Exercise:
Copy nothing but the lines below, from the one with "Promo Harga Choice" through the one with "Leonardo Armband Cindy", exactly as written; no pictures should appear.

Available data:
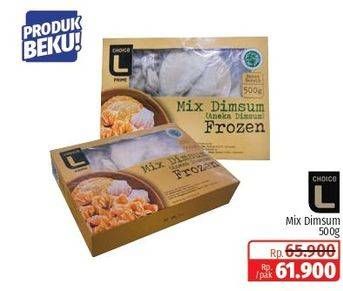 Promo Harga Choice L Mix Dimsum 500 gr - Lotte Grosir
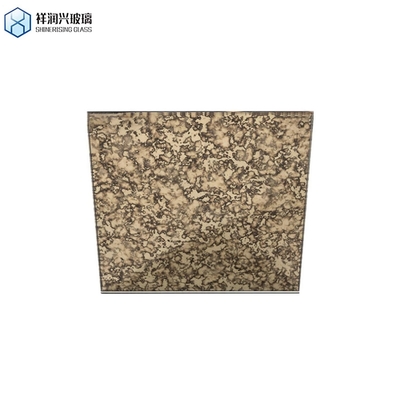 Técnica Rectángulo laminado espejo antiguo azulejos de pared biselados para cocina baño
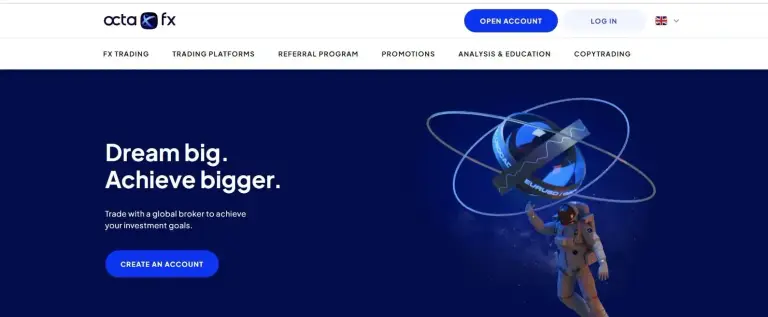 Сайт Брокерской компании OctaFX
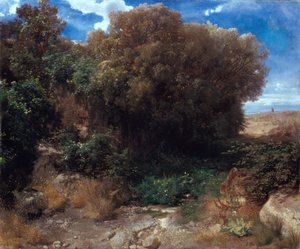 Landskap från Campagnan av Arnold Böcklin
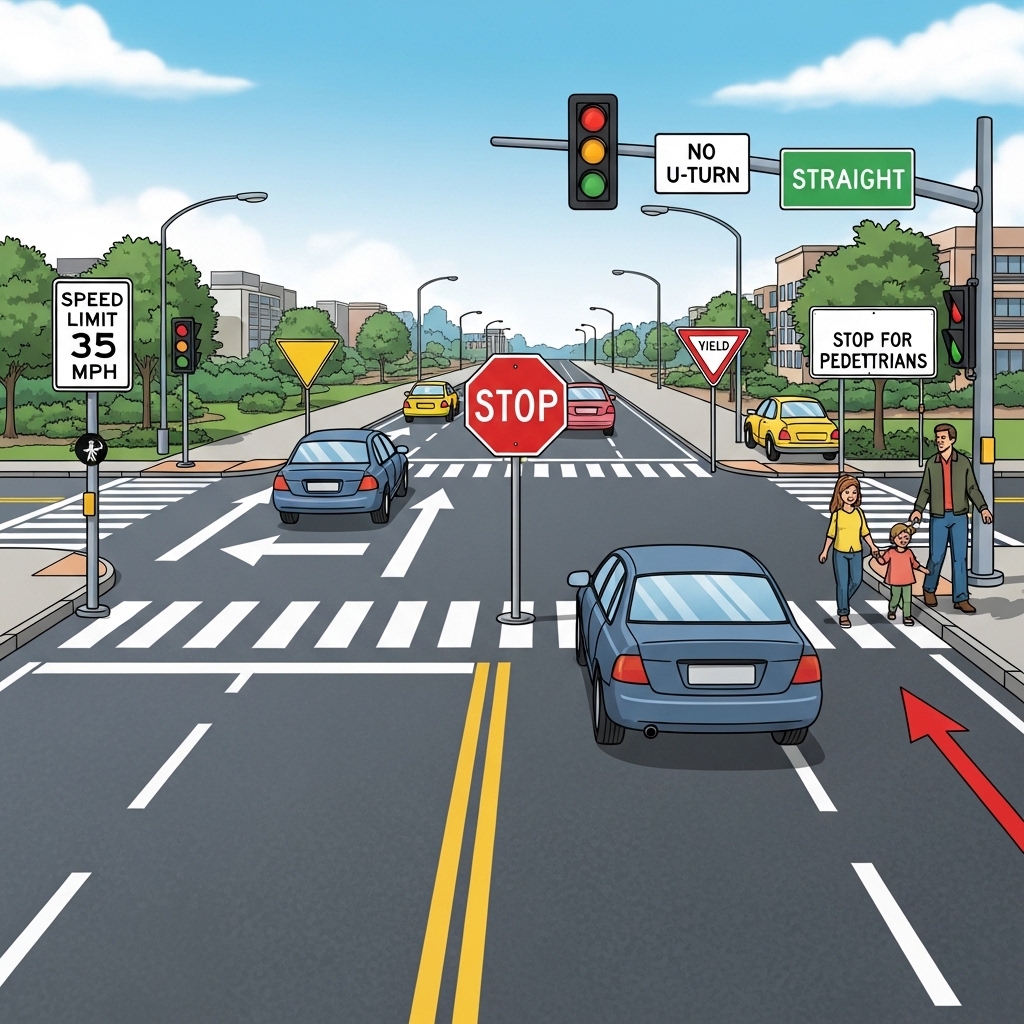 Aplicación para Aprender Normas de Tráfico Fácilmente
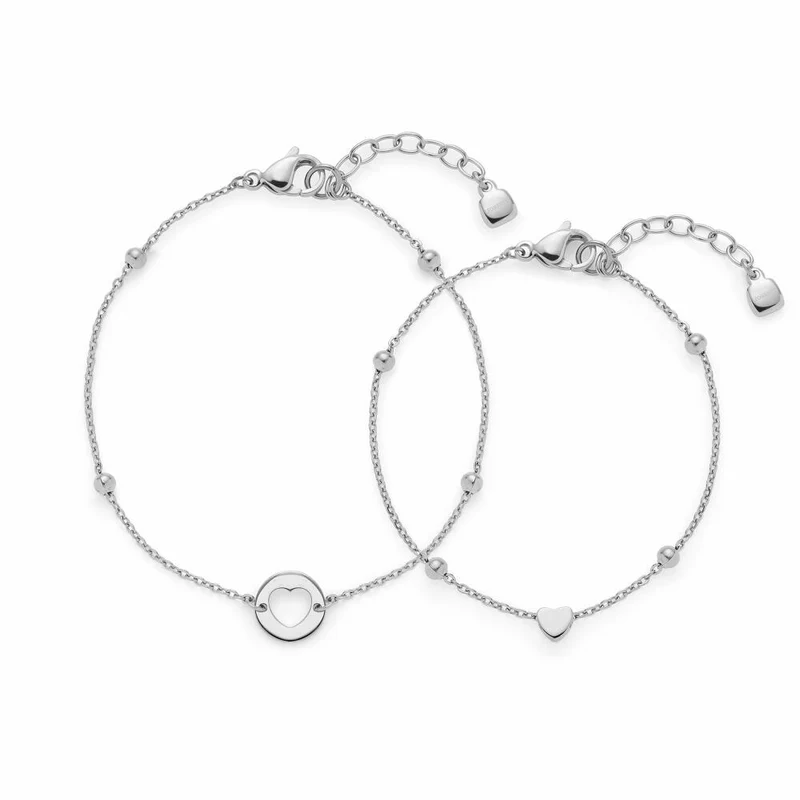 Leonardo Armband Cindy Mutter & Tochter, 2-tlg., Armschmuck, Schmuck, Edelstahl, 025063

==

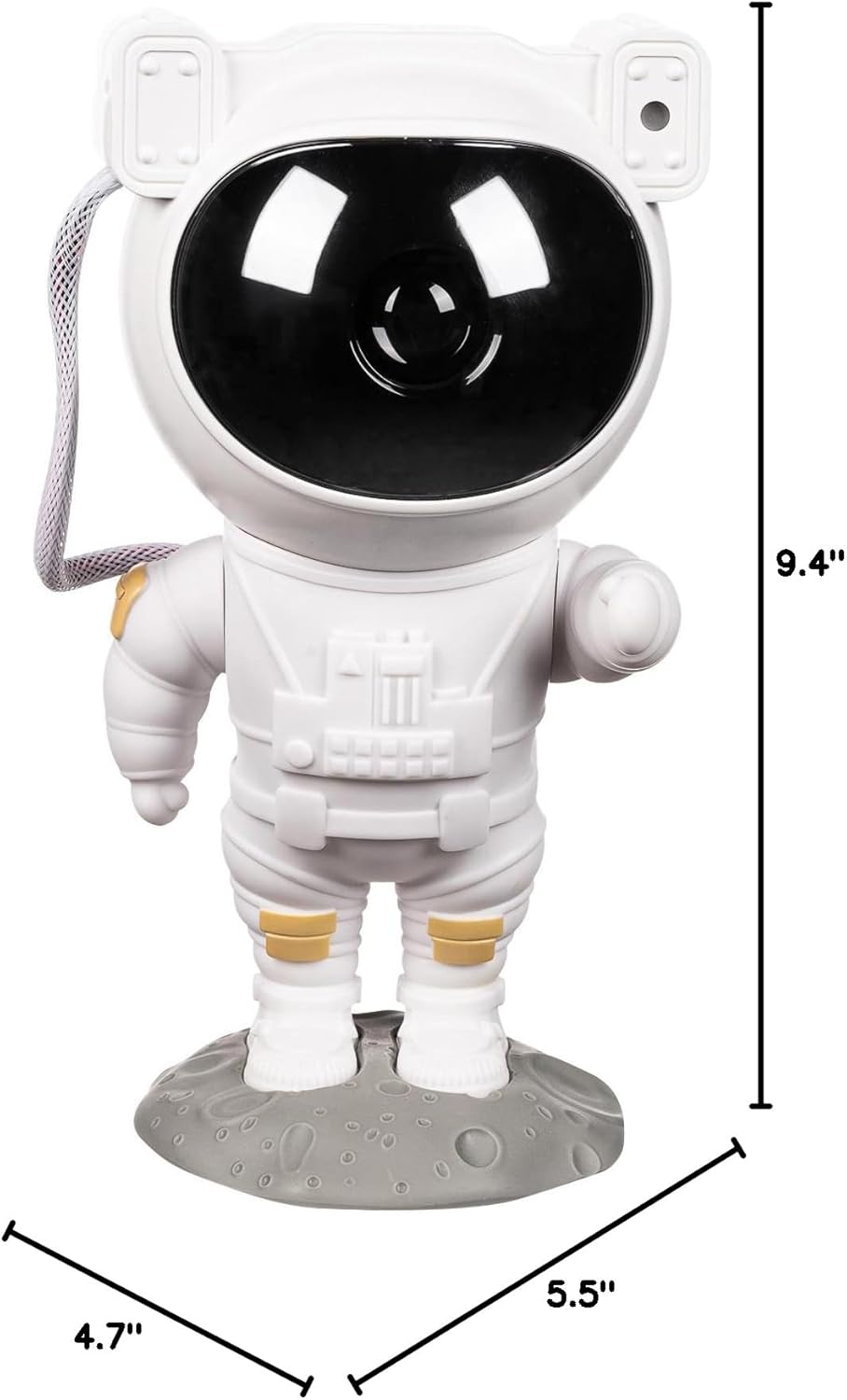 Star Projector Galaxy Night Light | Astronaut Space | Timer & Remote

Response to the task:
 Promo Harga Choice L Mix Dimsum 500 gr - Lotte Grosir
 Técnica Rectángulo laminado espejo antiguo azulejos de pared biselados para cocina baño
 Сайт Брокерской компании OctaFX
 Landskap från Campagnan av Arnold Böcklin
 Aplicación para Aprender Normas de Tráfico Fácilmente
 Leonardo Armband Cindy Mutter & Tochter, 2-tlg., Armschmuck, Schmuck, Edelstahl, 025063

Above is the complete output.